By JOHN KANELIS / johnkanelis_92@hotmail.com
A friend of mine who lives in Australia has strong feelings about Donald J. Trump. They are so strong, I at times am compelled to share them with you.
He wrote me this weekend to comment on the election and what might await Trump as he exits the White House. My friend writes, in brief:
I dearly, dearly hope that when Trump eventually leaves the White House and Inauguration Day is done, that he is arrested and paraded publicly in handcuffs on whatever multitude of charges currently await him.
The spell he holds over his followers and enablers has to be broken somehow. If not arrested, then humiliation through other means … bankruptcy and/or divorce … a very nasty, messy public divorce … “
Ouch, man!
I don’t expect that to happen. I don’t really even want it to happen to our former president. The “spell” to which my friend refer does need to break into a million pieces. How might that occur without having to send Trump to the slammer?

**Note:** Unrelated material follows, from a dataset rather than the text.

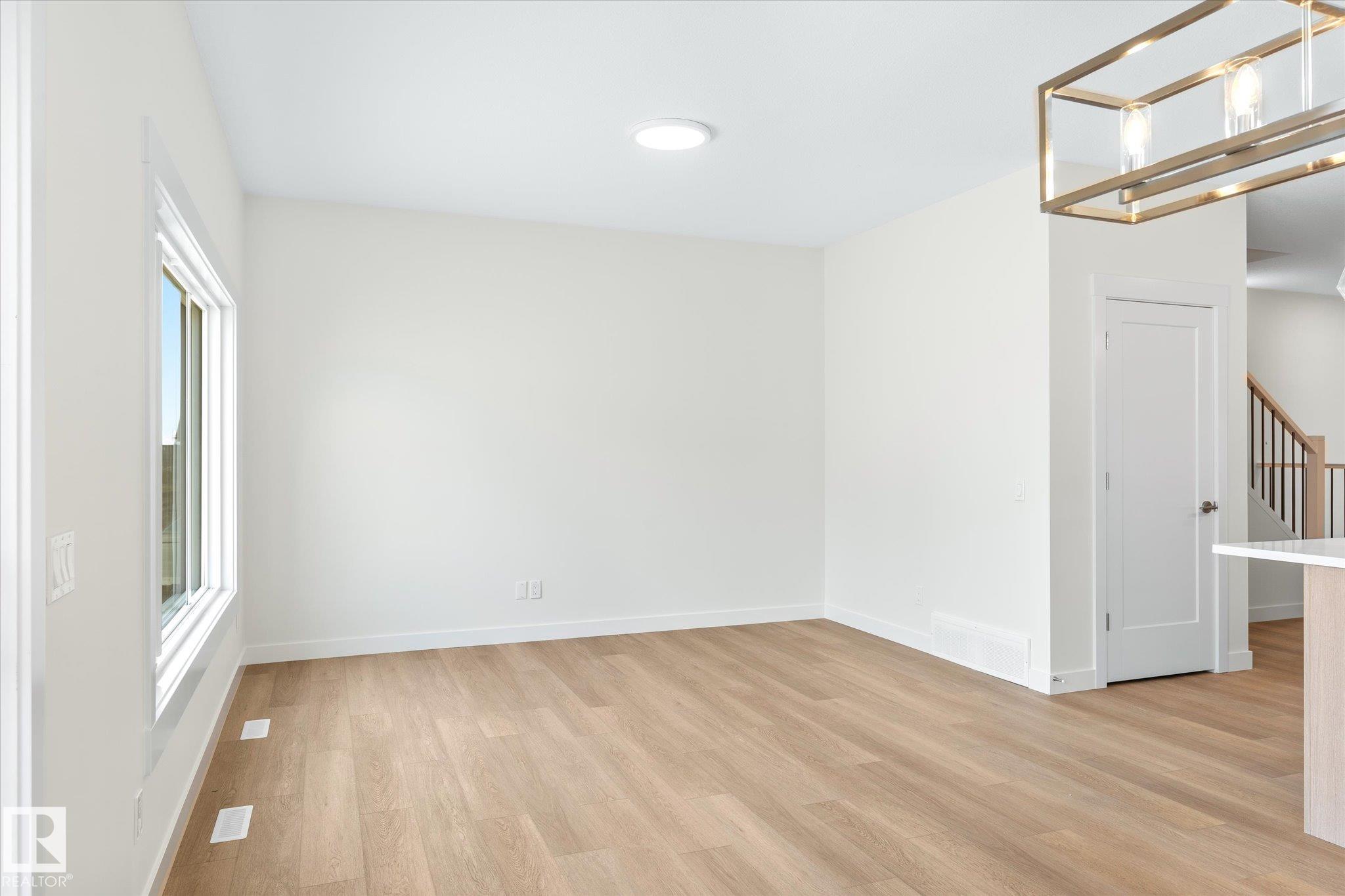 Picture for 22372 89 AV NW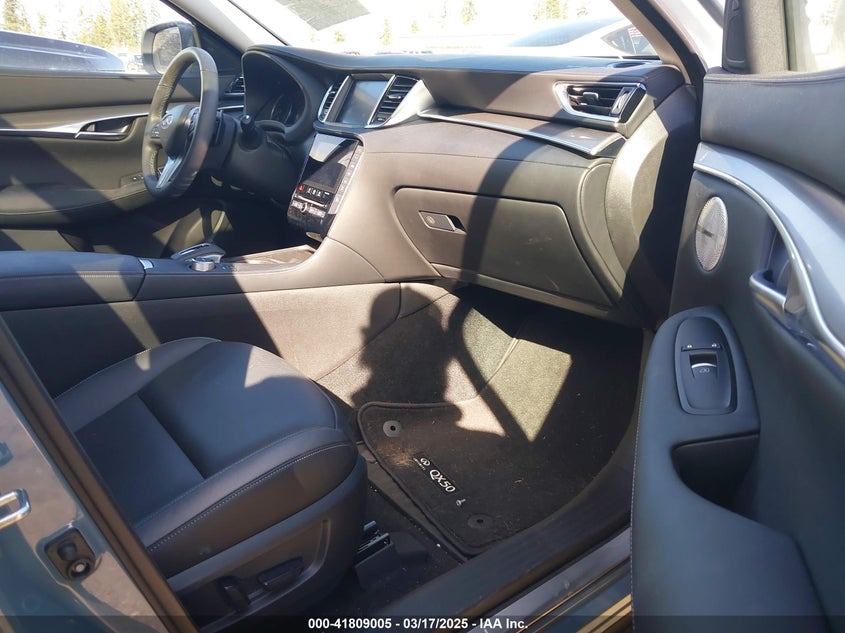 2024 INFINITI QX50 LUXE AWD 3PCAJ5BB1RF104721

I happen to agree with my friend about the need to break that spell. My strongest hope is that it will dissipate once it becomes clear that a former president has none of the actual power of the current president and only can speak for himself instead of for the nation.
This might sound naive, but my hope would be that Trump’s relevance will evaporate naturally. I don’t hold out much hope that the Trumpkins will accept that their hero’s defeat came from a wholesale rejection of the man himself, his behavior, the manner in which he conducted himself while representing a nation full of citizens most of whom never endorsed his becoming president in the first place.
Then again, I could be proven wrong on this … just as Trump himself proved me wrong by being elected president in 2016.